Was bedeutet der Wahlausgang in der Türkei?
KEREM ÖKTEM: Der De-facto- Zustand von Erdoans Alleinherrschaft ist mit dem Präsidialsystem nun auch rechtlich abgesichert. In der Innen- und Außenpolitik bedeutet das Kontinuität, vielleicht mit einem weiteren Rechtsruck dank der Allianz mit der ultrarechten Nationalistischen Aktionspartei MHP.

Wie fair waren die Wahlen wirklich?
Die Durchführung und Auszählung der Stimmen war von Unregelmäßigkeiten begleitet. Dies scheint aber den Ausgang nicht wesentlich beeinflusst zu haben. Das Hauptproblem war das Vorfeld. Da ging es weder fair noch frei zu. Die Medien sind zu 90 Prozent in der Hand des Staates oder von Geschäftsmännern, die Erdoan besonders nahestehen. Erdoan war dort omnipräsent, während die Opposition im TV nahezu unsichtbar war.

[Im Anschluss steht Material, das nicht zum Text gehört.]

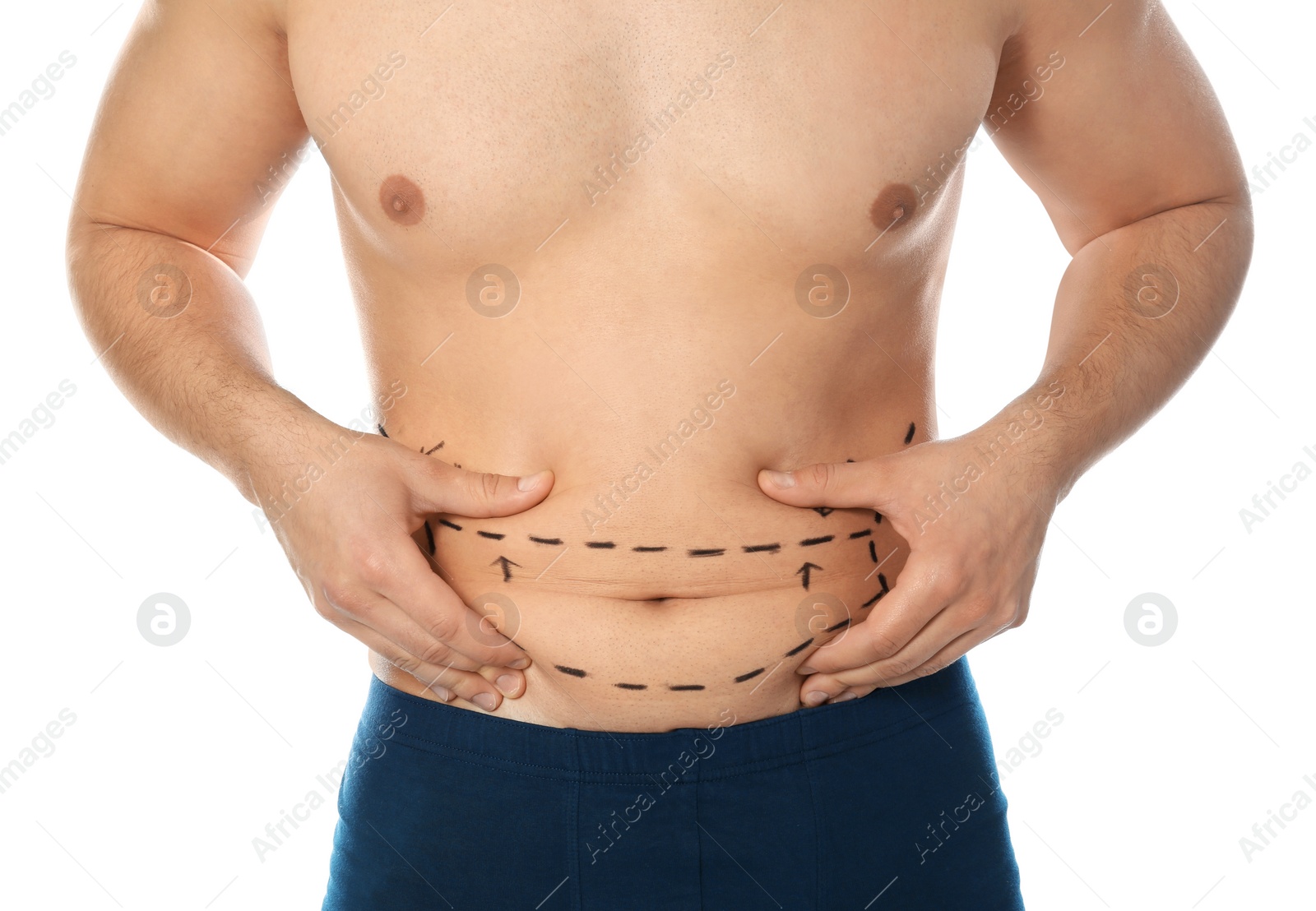 Photo of Young man with marks on belly for cosmetic surgery operation against white background, closeup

Wird die Türkei zur Diktatur?
Die Türkei steuert spätestens seit dem versuchten Coup 2016 und der Ausrufung des Ausnahmezustands auf eine Diktatur zu. Ab heute ist sie de jure ein Präsidialsystem, in dem fast alle Macht in den Händen des Präsidenten liegt und das Parlament nur eine sehr beschränkte Kontrollfunktion ausüben kann. Die Gewaltenteilung existiert nur noch in Rudimenten. Es wird daher auch von einem sultanistischen System gesprochen. Doch sind die Verfassungs- und Gesetzesänderungen und die neu zu schaffenden Institutionen neu. Es könnte durchaus sein, dass sich das Parlament als alternatives Machtzentrum positioniert. Die AKP hat dort nur noch 42 Prozent, während die Oppositionsparteien gut vertreten sind. Wenn sie zusammenarbeiten, kann es Überraschungen geben.

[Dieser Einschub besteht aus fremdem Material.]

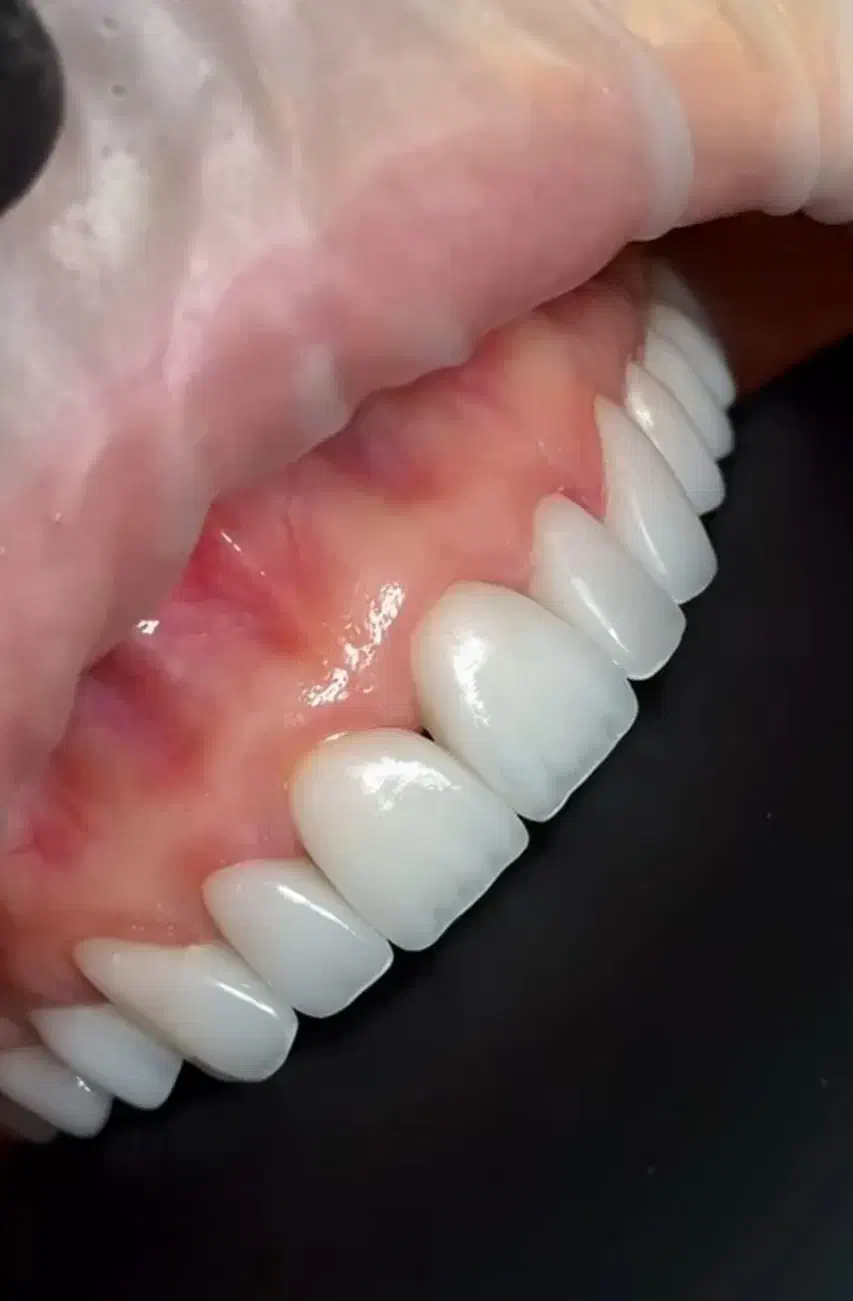 کامپوزیت ۴۰درصد تخفیف|خدمات آرایشگری و زیبایی|خرم‌آباد, |دیوار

Werden die Repressionen gegen die Kurden und Andersdenkende nun zunehmen?
Man könnte lapidar sagen, dass es viel schlimmer nicht werden kann. Viel hängt davon ab, wie Erdoan seine neue Macht nutzen wird. Ich sehe da wenig Spielraum für Großzügigkeit, da er nicht als der überzeugende Gewinner aus den Wahlen hervorgegangen ist. Es bleibt ihm nicht viel anderes als die Polarisierung als Methode des Machterhalts. Und es kommen auch andere große Herausforderungen auf ihn zu im Bereich der Wirtschaft. Ob er dem gewachsen ist, werden wir sehen.

Soll Europa die Beitrittsgespräche abbrechen?

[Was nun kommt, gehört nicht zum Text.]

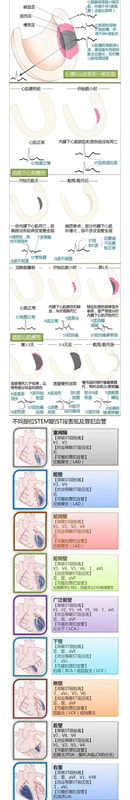 动态心电图【动态背景图】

Mit dem Übergang zum Präsidialsystem hat sich die Türkei weiter von der EU entfernt. Eine Revitalisierung des Beitrittsprozesses ist erst einmal vom Tisch. Wie immer sollte Europa besonnen reagieren. Es bringt niemandem etwas, das Ergebnis innenpolitisch auszuschlachten. Auch wenn sich die Türkei vom politischen Europa abwendet, so bleibt sie doch ein Teil davon. Wir sollten aber nun noch genauer hinschauen, was am Bosporus passiert. Es ist auch die Zukunft Europas, die in der Türkei auf dem Spiel steht.